§ **TASK STATEMENT**:
Print all of the data below exactly as it appears, leaving out every image.

§ **DATA EXTRACT**:
+-------+

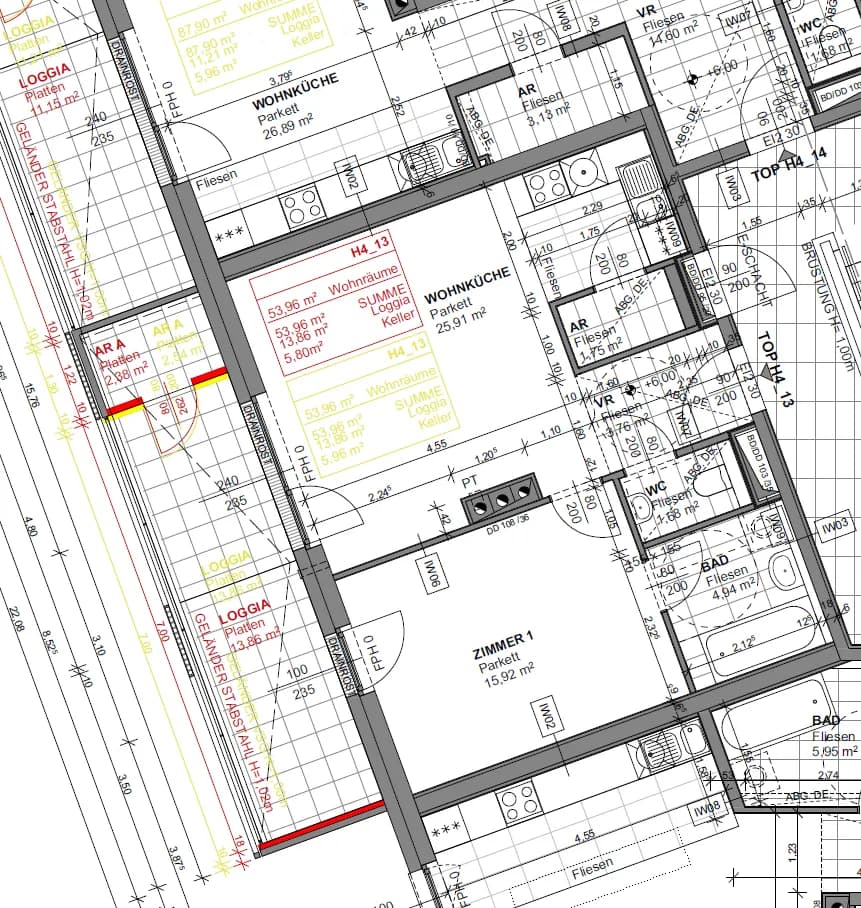 2-Zimmer-Wohnung mieten in Scheibbs – 53,96 m², € 546 – Bild 2 von 2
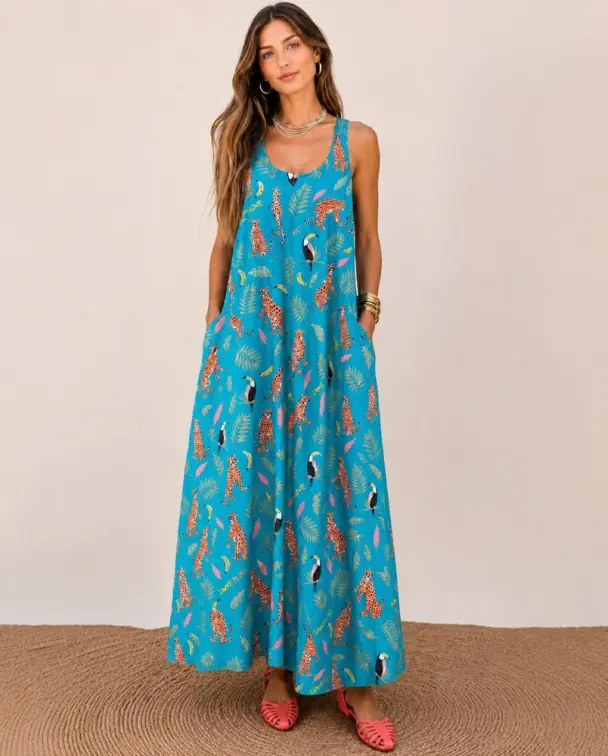 VESTIDO WILD OASIS - ULTIMAS UNIDADES - Imagen 3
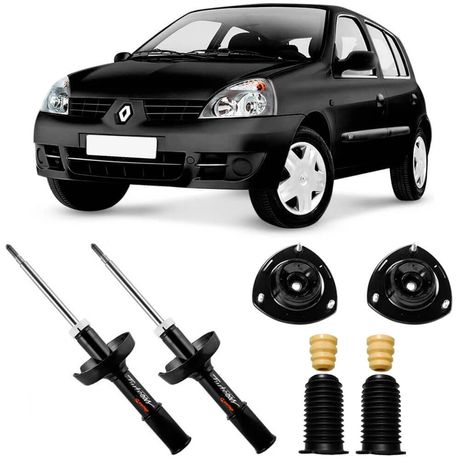 2 Amortecedor Renault Clio Hatch 99 2008 Dianteiro Cofap Kit
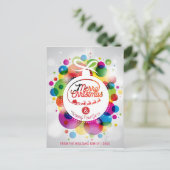 メリークリスマスウィーズモダン家族の写真 シーズンポストカード (スタンド正面)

+-------+

§ **WRITTEN ANSWER**:
 2-Zimmer-Wohnung mieten in Scheibbs – 53,96 m², € 546 – Bild 2 von 2
 VESTIDO WILD OASIS - ULTIMAS UNIDADES - Imagen 3
 2 Amortecedor Renault Clio Hatch 99 2008 Dianteiro Cofap Kit
 メリークリスマスウィーズモダン家族の写真 シーズンポストカード (スタンド正面)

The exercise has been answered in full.